Luxury Maldives resorts
There are hundreds of places to stay in the islands, ranging from homestays and affordable Maldives resorts to gorgeous beach bungalows, lagoon villas and those picturesque overwater villas. Depending where you book, the services of a private butler may be included, who will do things like pack and unpack for you, arrange excursions, and bring you breakfast in bed or a cocktail at happy hour.
To really up the experience, book into one of these unique spots:
Conrad Maldives Rangali Island: This hideaway is home to one of the world’s most unique hotel rooms, thanks to the Ithaa Undersea Restaurant which which converts into a luxury suite that can be rented out each night by one lucky couple. Built 16 feet below the surface and completely surrounded by glass, guests enjoy views of the coral gardens and underwater life swimming past. Its high price tag includes a private champagne dinner and breakfast in bed. Click for prices
Huvafen Fushi: Since it’s hard to build on low-lying islands, this resort chose to build underwater instead. The ingenuity resulted in both a spa and wine cellar located 26 feet below called Vinum, which holds 6,000 bottles of wine. Click for prices
Since the only way to get around the Maldives is by sea plane or boat, you’ll likely stick close to whichever island you choose. Most resorts offer a number of excursions including beach hopping and boat tours, sun-soaked days spent on a yacht or submerged in a submarine and sunset cruises. The Maldives diving sites are also incredible.

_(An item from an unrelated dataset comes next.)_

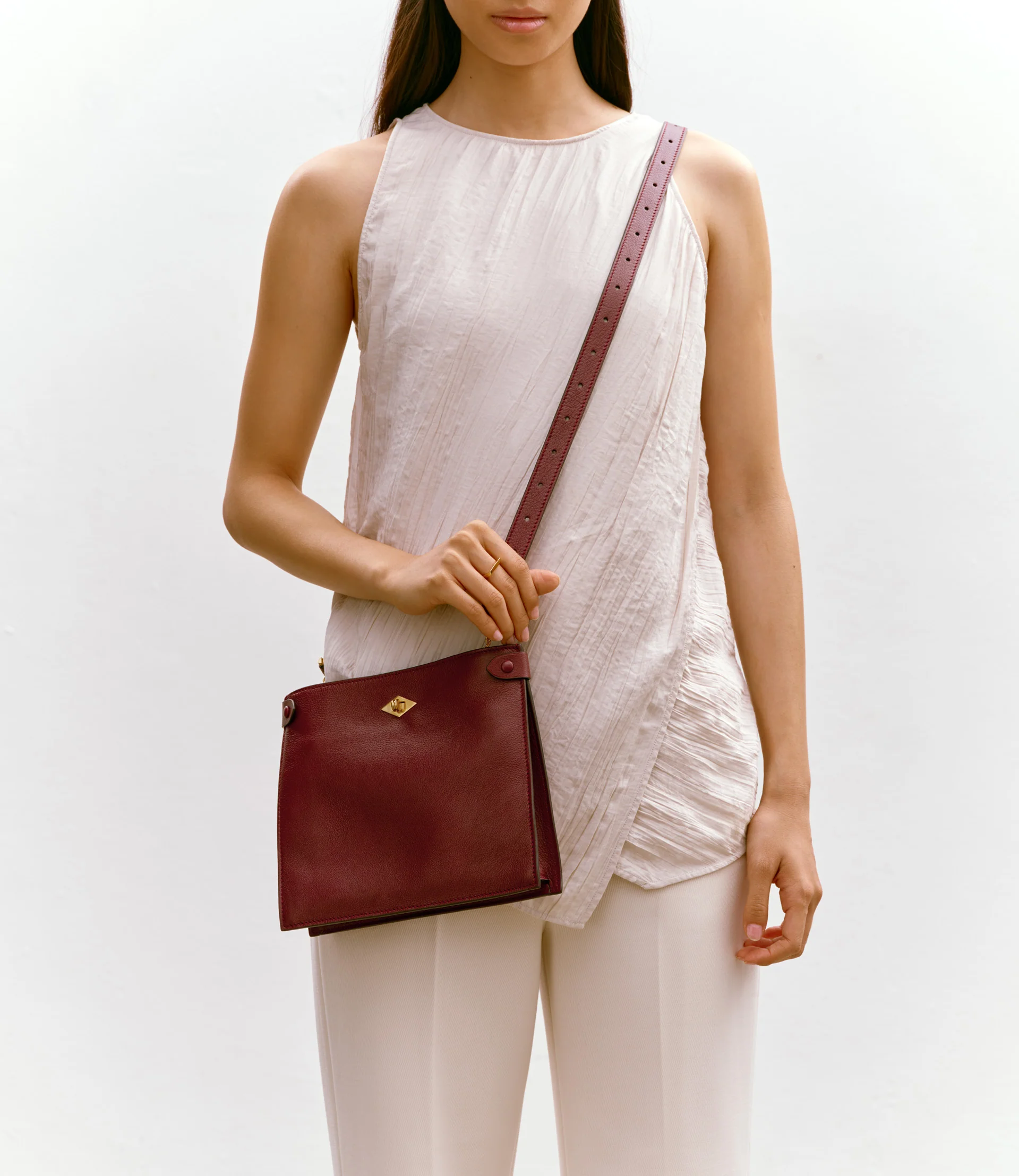Stowaway Crossbody Buffalo Dark Cherry - Image 5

A popular option for couples celebrating a special occasion (which is basically everyone) is to book a day on a secluded private island. A dhoni (Maldavian boat) picks the lovers up in the morning, drops them off at a private island with a picnic basket, umbrella and chairs, then leaves them be for a few hours. There’s nothing quite like walking on an untouched sandbank in the warm, blue waters, which makes it easy to see why these are the top Maldives attractions.

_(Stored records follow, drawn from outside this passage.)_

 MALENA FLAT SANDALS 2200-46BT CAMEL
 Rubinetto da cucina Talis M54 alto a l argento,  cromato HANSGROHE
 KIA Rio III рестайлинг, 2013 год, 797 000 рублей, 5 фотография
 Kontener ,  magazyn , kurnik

Many resorts also boast fantastic reefs, which are phenomenal for snorkeling. You can expect to see more tropical fish than you could ever name, turtles, sting rays, water snakes, manta rays and even sharks! The reef and nurse sharks are harmless—though the faint of heart still probably wouldn’t want to come face-to-face with one. A bonus for anyone who goes on a boat tour is the opportunity to see a pod of dolphins in their natural habitat—a truly special moment for anyone lucky enough to come across them.
Other fun things to do in the Maldives include:
- Island hopping Maldives- Visiting the Maldives local islands is a best way to get a true taste of what life is like here, away from the five-star resorts. Most resorts offer boat tours that zip guests over to neighbouring islands, where the can see things like how the traditional handicrafts are made, and watch fishermen bring in the daily catch.

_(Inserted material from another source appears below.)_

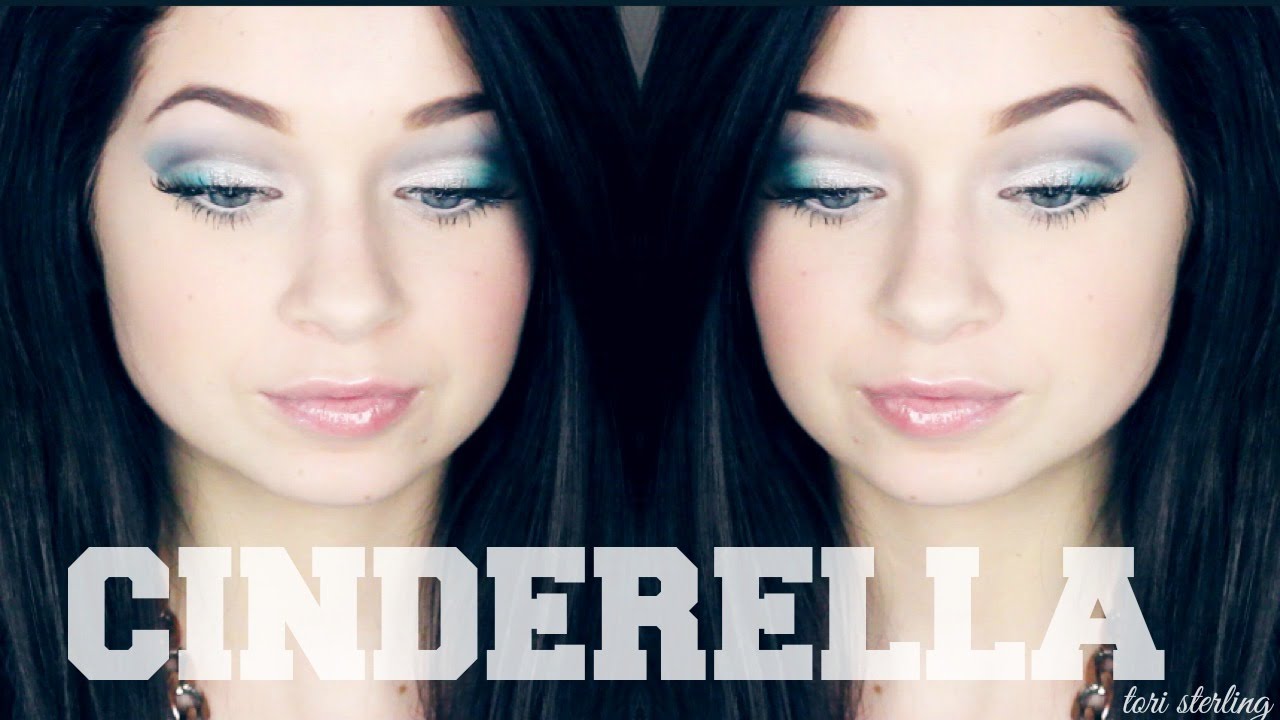 Cinderella Makeup Tutorial Tori Sterling YouTube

- Bodu Beru- Meaning ‘big drums’ in Dhivehi, this traditional Maldavian dance sees about a dozen men clad in sarongs sing and move to the beat of loud drums under the moonlight. Starting slowly with just one drummer keeping time and eventually ramping up to a frenetic pace that vibrates around the island, it’s an experience not to be missed. Most resorts bring in performers once a week, and occasionally offer bodu beru classes for guests.
- Fishing- The abundant underwater world surrounding the Maldives means the big game fishing here is incredible, with the likes of Grouper and Red Snapper easy to snag. Head out on a half or full day fishing trip, or stick close to shore by heading out around sunset for a few hours of bottom fishing.
End a Maldives vacation in Male
To make the most of every minute of your Maldives vacation, head into the capital Male if you have a bit of extra time before your flight home. Luggage storage is available at the airport, and there’s a five-minute ferry that whisks visitors over to Male for some sightseeing. The city is very small and easily walkable, with the main highlight being the Grand Friday Mosque. Featuring whitewashed walls, a sweeping staircase and glittering golden dome, the mosque is able to accommodate about 5,000 worshipers. The nearby Friday Mosque (Hukuru Miskiyy) was Male’s main place of prayer before the new one was built, and has coral walls and large beams covered with Arabic writing. Muslims are the only people allowed inside the mosques.
Another one of the best things to see in Male is the markets, specifically the rather-pungent fish market which is packed full of fresh seafood just-plucked from the ocean. Head there in the afternoon to see the fish cutters go to work with their sharp knives, as chefs wander through examining the catch for the night’s menu.
Globe Guide tip: It only takes an hour or two to see Male, so if you’ve got more time that that to kill before your flight it may be worth booking a hotel in town, which will be much more comfortable than hanging around the airport. The Hotel Jen Male by Shangri-La is incredibly luxurious, and has a beautiful rooftop pool.
Quick tips for a trip to the Maldives
- Currency: The country uses the rufiyaa, though US dollars and euros are commonly accepted.
- Best time to travel to Maldives: The temperate, tropical weather is what makes these islands a great place to visit year round, though most people book their Maldives trip for the dry season which runs from December to March.
- Language: The native language is Dhivehi, and most locals also speak English.
- Do you need a visa to go to the Maldives: No pre-approval is required for a Maldives visa, which is granted to all nationalities upon arrival.